しかしながら、「賃貸住宅管理業登録制度」は任意登録制だったために、登録する業者は非常に少なかったのです。

このような状況において、2020年法改正が行われ、賃貸住宅管理業は、任意登録制度から義務化されることになりました。

「賃貸住宅管理業法」とは、どんな制度なのでしょうか。
賃貸住宅管理業法とは、良好な住居環境の確保を図るため「賃貸住宅の管理業務等の適正化に関する法律」として、令和2年6月12日に可決成立した法律です。
この法律は、以下の二つの柱により構成されています。
①サブリース業者と所有者との間の賃貸借契約の適正化に関わる措置
②賃貸借契約に関わる管理業者の登録制度に関する内容

始めに、①のサブリース業者と所有者との間の賃貸借契約の適正化に関わる措置について、説明していきます。
この制度により、サブリース契約に関連するトラブルを未然に防止するため、全てのサブリース業者の勧誘時や契約締結時に一定の規制が課されるようになりました。
(サブリースが1戸のみであっても、規制の対象となります)
そして、この規制はサブリース業者と組んで勧誘を行う者(勧誘者)に対しても規制がかかります。勧誘者とは、例えば建設会社はハウスメーカーなどが含まれます。
この規制に対し、サブリース業者や勧誘者に違反があった場合には厳しい措置が課され、業務停止命令などが下される場合もあるのです。
サブリースに関して、主に3点の規制があります。
・不当な勧誘行為の禁止
 サブリース業者や勧誘者によるマスターリース契約の勧誘時に、相手の契約判断に影響を与える事項について故意に事実を伝えなかったり、不実を伝える行為(家賃の減額リスクなど)の禁止。
・誇大広告等の禁止
 自社ホームページや営業資料などを利用して、不当勧誘行為として該当する内容を提示し宣伝する事の禁止。
・マスターリース契約締結前の重要事項説明
 サブリース業者は、この規制に従ってマスターリース契約締結時にオーナーに対し、家賃、契約期間・家賃見直しの機関などの内容を記載した書面を重要事項説明書として交付して、説明しなければなりません。
(契約締結時の重要事項の説明は、以前は任意の制度となっていましたが、2020年の法改正により法律化されました)。

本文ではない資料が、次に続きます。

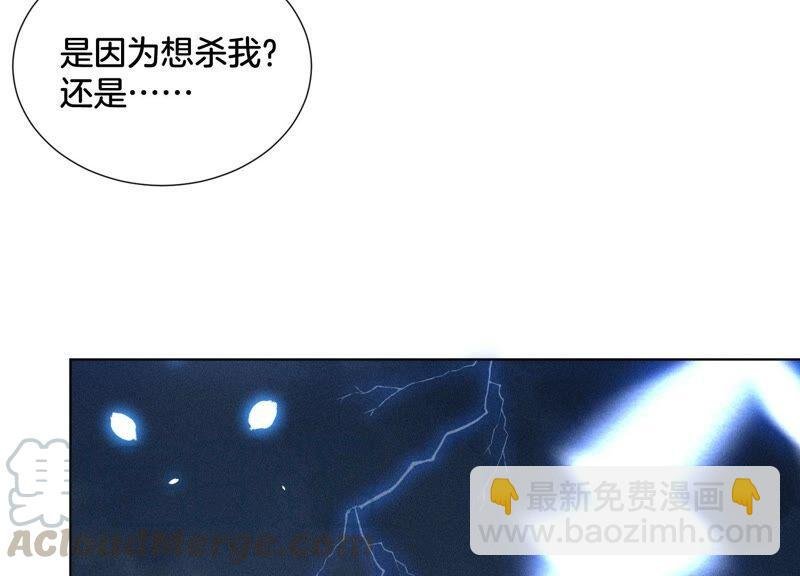 第40话 大魔头，他救了我？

それでは②の賃貸借契約に関わる管理業者の登録制度に関する内容について、ご説明いたします。
②の制度については、これまで任意であった賃貸住宅管理業の登録制度を創設したものになります。
この規制は、賃貸住宅における良好な住居環境の確保とともに、業界の健全な発展・育成を図ることが目的となっています。オーナーの委託を受けて、賃貸住宅の維持保全や金銭の管理を行う賃貸借契約事業者に対して、国土交通大臣の登録を義務づける制度とされています。
この制度により、管理戸数が200戸以上の業者は賃貸住宅管理業者としての登録が義務とされます。
また、登録した業者は以下の4つの取り決めに従わなければなりません。
1.業務管理者の事務所ごとの配置
2.管理受託締結前の重要事項の説明義務
3.家賃などの財産の分別管理
4.契約の相手方に業務の実施状況など定期報告業務

以上、「賃貸住宅の管理業務等の適正化に関する法律」についてご説明しまいた。
施工後、対象となる業者は順次国に登録をしていくことになり、2022年6月には完全施行となります。
猶予期間終了後、管理工数が200戸以上の業者で、登録が出来ていない場合は無免許営業として厳しい処罰の対象となります。